Coisas como investimentos em infra-estrutura é o setor privado que tem que fazer. Por isso é importante privatizar a energia elétrica. Ser auto-suficiente em petróleo não tem mais cabimento. Comprar no exterior é mais barato. O dinheiro, a gente gasta com a fome, que é muito mais urgente.
Folha - O sr. é chamado de neoliberal. Aceita ou acha que nos dias de hoje não existe mais ideologia? Acha que todos pensam da mesma forma?
Franco - Eu acho que para o pensamento nacionalista de esquerda e de direita é importante criticar as políticas de governo -e nada melhor nesses domínios do que tentar colocar um rótulo ideológico negativo. Acho besteira, mas é parte do folclore. Tudo bem.
Folha - O sr. é tolerante às críticas? Como classifica seus críticos?
Franco - Tem de tudo. Tem as pessoas que tiveram seus interesses ameaçados e que criticam da forma que podem, tem os interesses dos partidos políticos que perderam eleições ou que querem disputar e que obviamente criticam o Real pelos seus interesses políticos. Daí a politização de temas como política cambial. E há críticos sérios, acadêmicos. É parte da paisagem democrática responder. Isso é do jogo, é parte do emprego. Sou pago para ter paciência para escutar essas coisas todas.
Folha - Qual a sua opinião sobre socialismo? Ele morreu mesmo?
Franco - Eu acho que sim. Acho que do ponto de vista de organização econômica a idéia da eliminação da propriedade privada dos meios de produção simplesmente fracassou. Os ideais libertários que estavam na origem dessa idéia precisam de um novo projeto. Que não existe hoje em dia.
Folha - O sr. acha que pode vir a nascer um novo projeto?
Franco - Claro que pode. Embora ache que há certas coisas das quais é impossível fugir. Por exemplo, a democracia liberal participativa. Não dá para pensar em nenhum regime político que não tenha isso. Equilíbrio fiscal é outra condição essencial. Hoje já ficou evidente que não dá para ter desequilíbrio fiscal e inflação alta.
O projeto político que tenta se construir a partir de populismo, autoritarismos redentores, inflacionismo de bom coração ou de esquerda ficaram para trás.
Qualquer novo projeto, de esquerda ou de direita, vai ter que lidar com perguntas a serem respondidas de forma prática e coerente. Como melhorar a distribuição de renda? Como acabar com a pobreza? como crescer? E como não gerar uma inflação alucinante ao tentar fazer essas coisas?
Esse governo tem um projeto que faz sentido, responde a todas essas questões. Algumas pessoas podem gostar ou não. Mas tem. Se tiver outro projeto, ótimo, a gente compete na próxima eleição.
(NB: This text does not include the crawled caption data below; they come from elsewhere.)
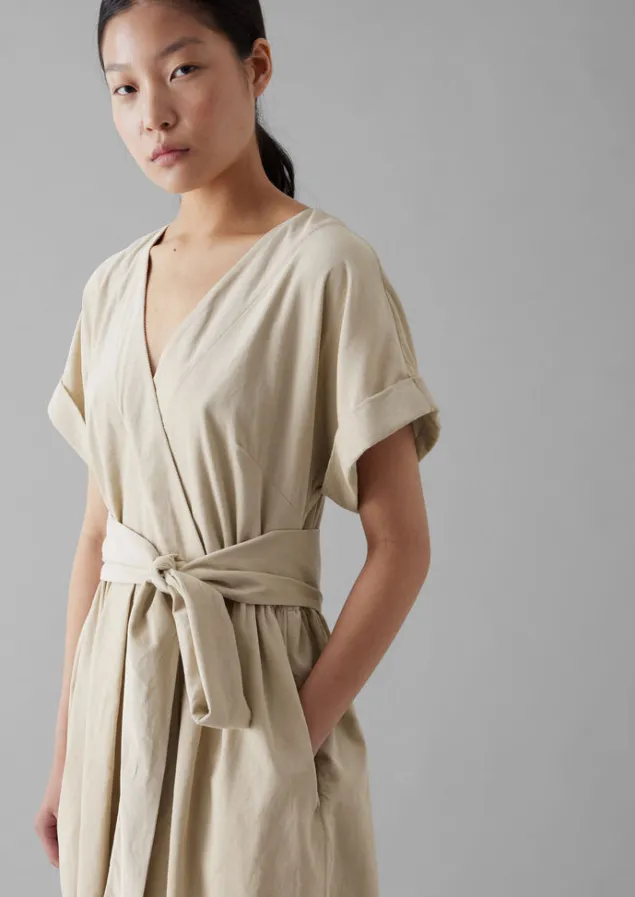 organic_needlecord_wrap_front_dress_2.webp Cord | Dresses-TOAST Organic Needlecord Wrap Front Dress Moonstone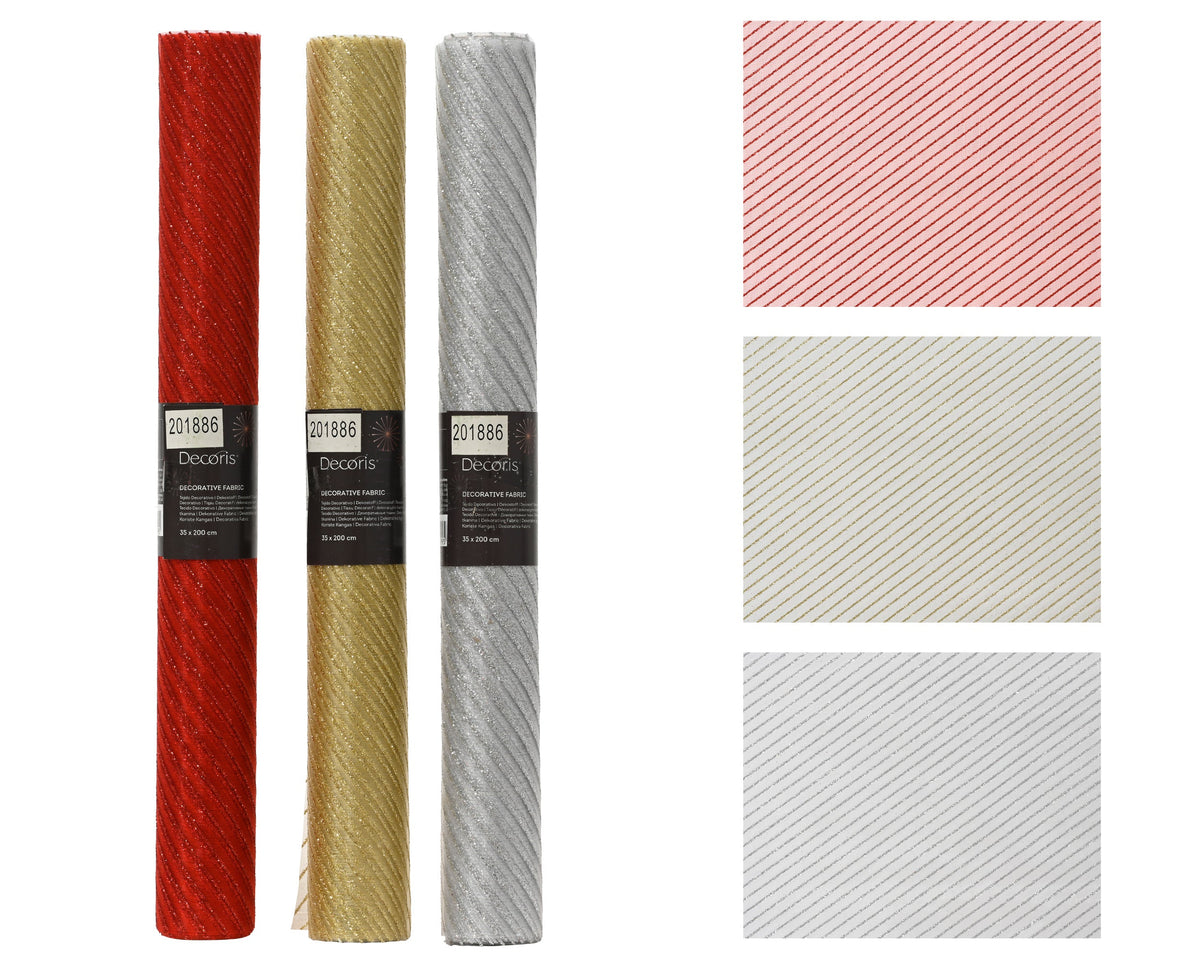 decostof polyester glitter 3col ass assortie l.200cm x w.35cm x h.0.1cm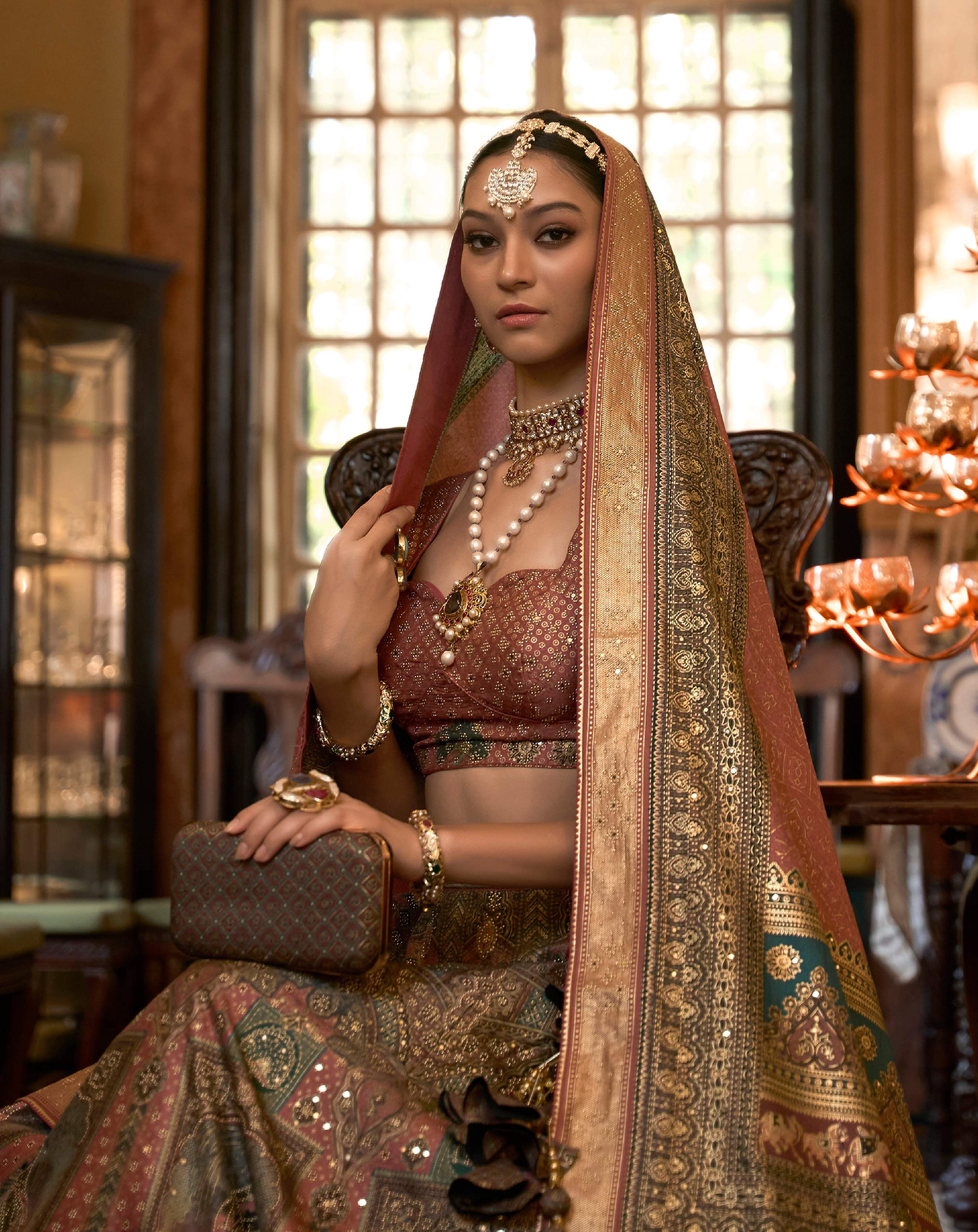 Monjolika Fashion Dark Beige Color Rajwadi Silk Designer Lehenga Choli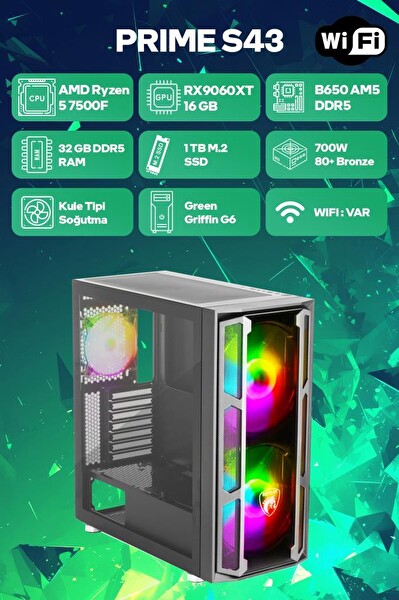 Game Garaj Prime S43 AMD Ryzen 5 7500F 32GB RAM 1TB SSD RX9060XT 16GB FreeDOS Oyuncu OEM Paket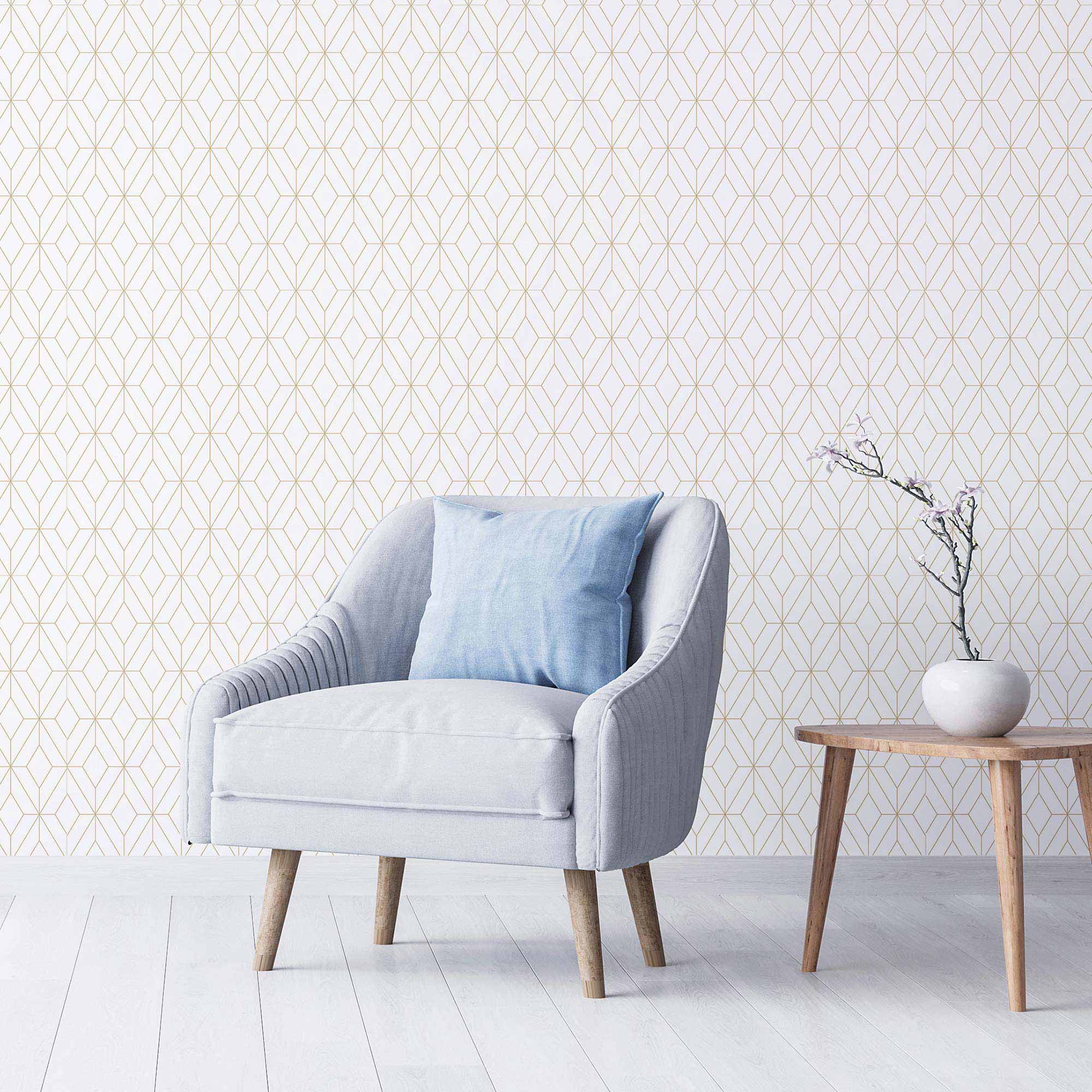 Yellow Lattice Peel and Stick Removable Wallpaper - Self-Adhesive Decorative Wall Covering for Bedroom, Living Room, Kitchen & Office Decor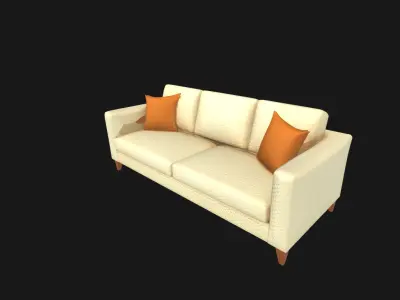 Modern Mid Century Beige Sofa Minimalist Living Room Furniture Low-poly 3D model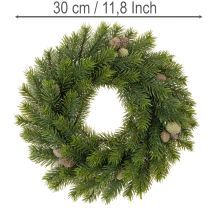 Article Couronne en branches de sapin artificielles avec pommes de pin 30 cm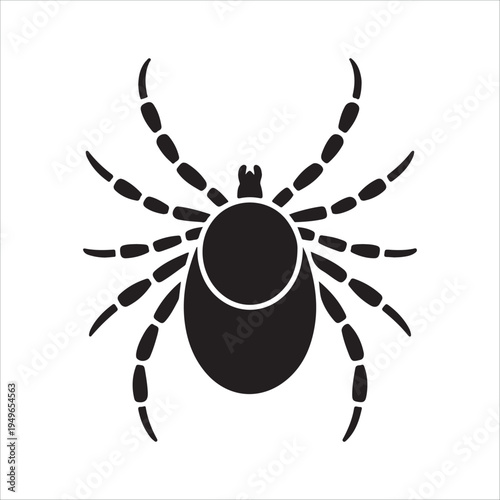 Detailed tick silhouette vector icon isolated on white background for pest control branding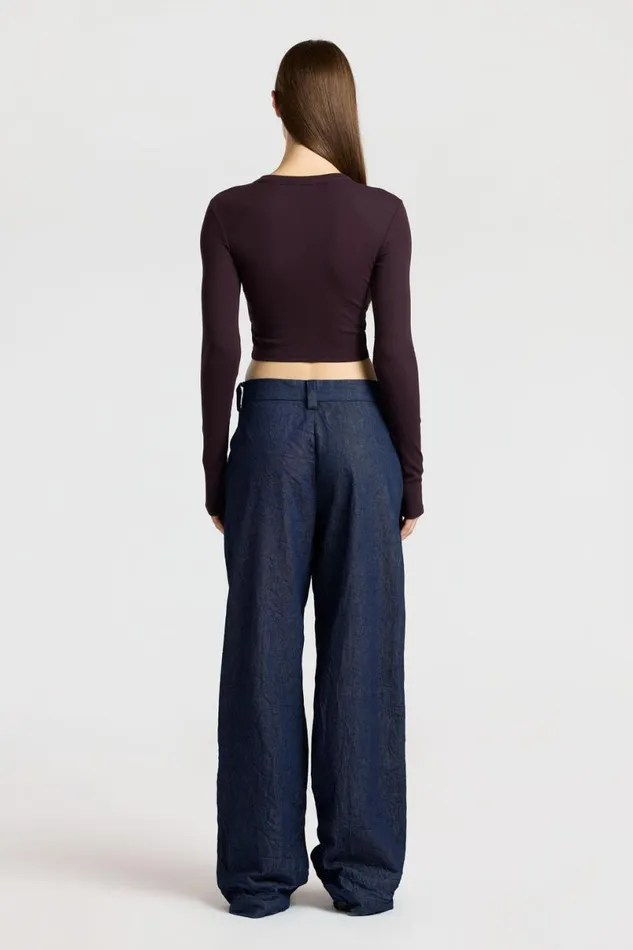 COTTON CITIZEN Verona Crop Shirt Eggplant Women Shirts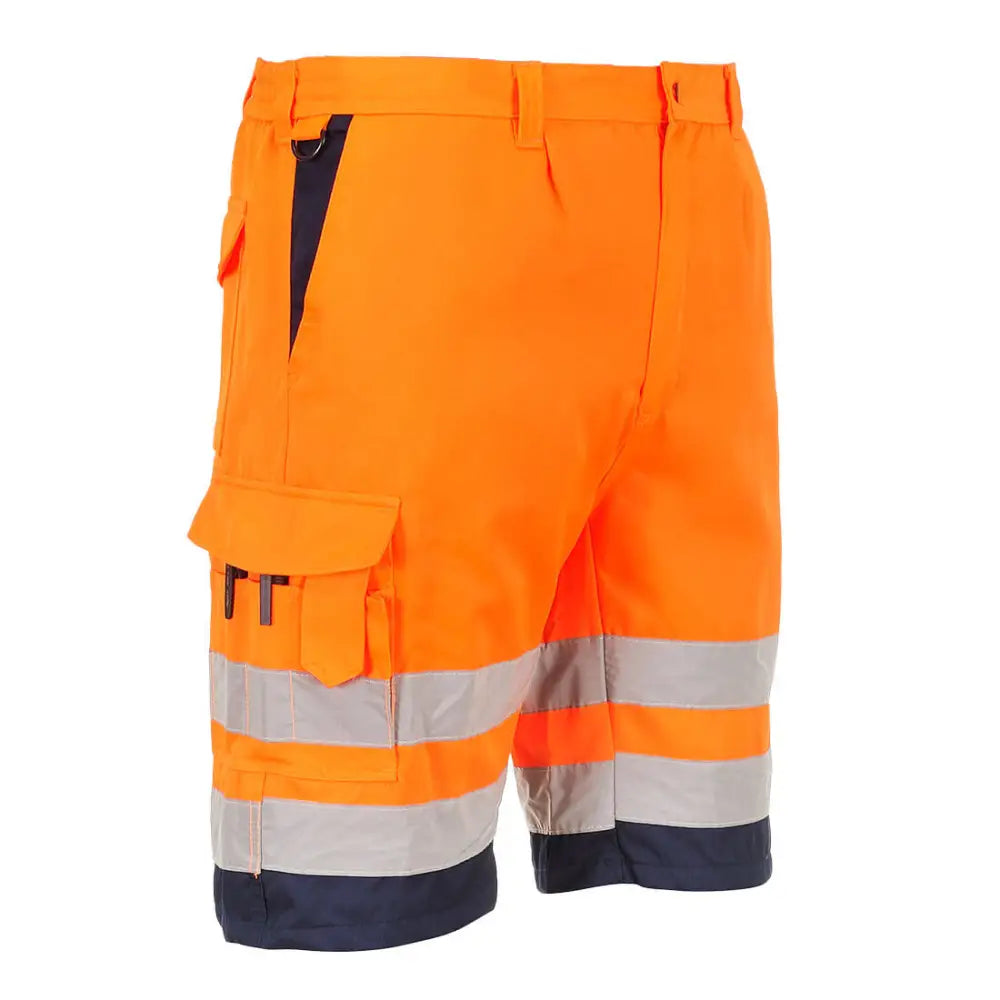 Portwest Hi-Vis Lightweight Polycotton Shorts - Orange/Navy / L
Se não tiver, continuamos tocando esse.
Folha - A CPI dos Precatórios, quais as consequências que eventualmente ela pode trazer para o Banco Central?
Franco - Para o Banco Central, acho que nenhuma. Acho que a maior consequência tem que ver com um processo que já vinha ocorrendo devagarzinho, mas que agora fica mais claro, que é o processo de levar para os Estados e prefeituras o mesmo padrão de transparência na gestão das finanças públicas, os padrões de controle e de fiscalização que a área federal tem. A CPI é um marco desse processo.